Dataset
A schema-enforced collection of `Example` objects on the Judgment platform.
A schema-enforced collection of Example objects on the Judgment platform.
Datasets are created and retrieved via client.datasets. Every
dataset has a JSON Schema that all examples are validated against
server-side. Once you have a Dataset, you can append examples, add
trace-backed examples, list versions, iterate over examples, export
to JSON/YAML, or display a rich table preview.
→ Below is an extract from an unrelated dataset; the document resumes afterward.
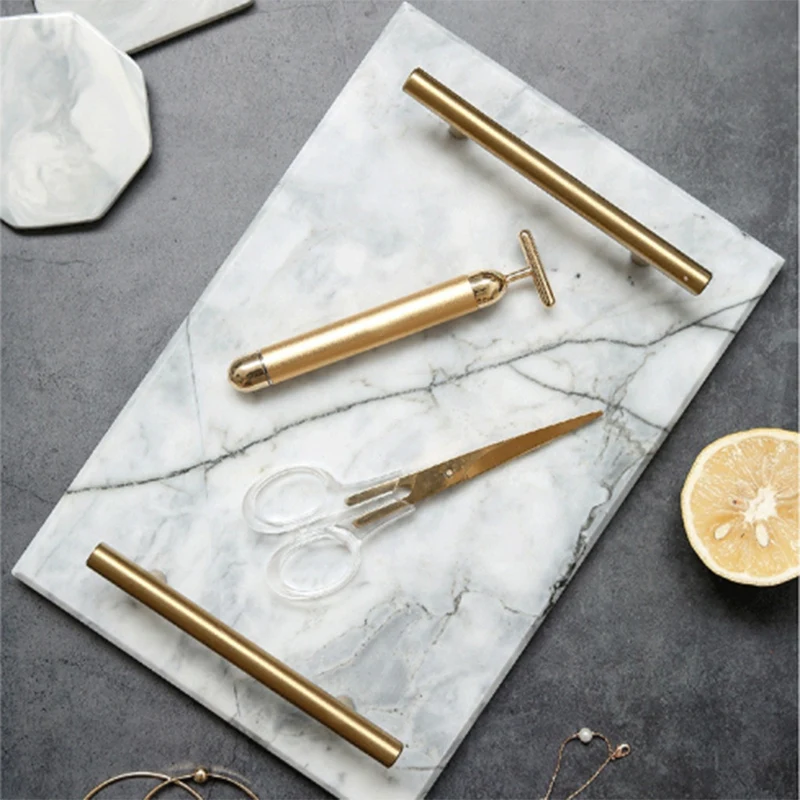 Скандинавский стиль позолоченная ручка керамический Мраморный поддон для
Create a dataset and add examples:
dataset = client.datasets.create(
name="golden-set",
schema={
"type": "object",
"properties": {
"input": {"type": "string"},
"expected_output": {"type": "string"},
},
},
)
dataset.add_examples([
Example.create(input="What is AI?", expected_output="Artificial Intelligence"),
])Retrieve and iterate:
dataset = client.datasets.get(name="golden-set")
for example in dataset:
print(example["input"])Attributes
name
:str
Dataset name.
project_id
:str
Owning project ID.
project_name
:str
Project name.
dataset_id
:Optional[str]
Unique dataset identifier (set when created/fetched).
None
schema
:Optional[Dict[str, Any]]
The dataset's JSON Schema. Examples must conform to it.
field(default=None)
current_version
:Optional[int]
Latest dataset version number.
None
dataset_kind
:str
Kind of dataset (default "example").
'example'
examples
:Optional[List[Example]]
The loaded examples (populated when using .get()).
None
client
:Optional[JudgmentSyncClient]
Internal API client (set automatically).
None
_identifier
:str
add_from_json()
Upload examples from a JSON file.
The file should contain a JSON array of objects, where each object
has the fields you want as example properties (e.g. input,
actual_output, expected_output).
dataset.add_from_json("./data/golden-set.json")def add_from_json(file_path, batch_size=100) -> None:Parameters
file_path
required:str
Path to the JSON file.
batch_size
:int
Number of examples uploaded per API call.
100
Returns
None
add_from_yaml()
Upload examples from a YAML file.
Same as add_from_json but reads YAML format.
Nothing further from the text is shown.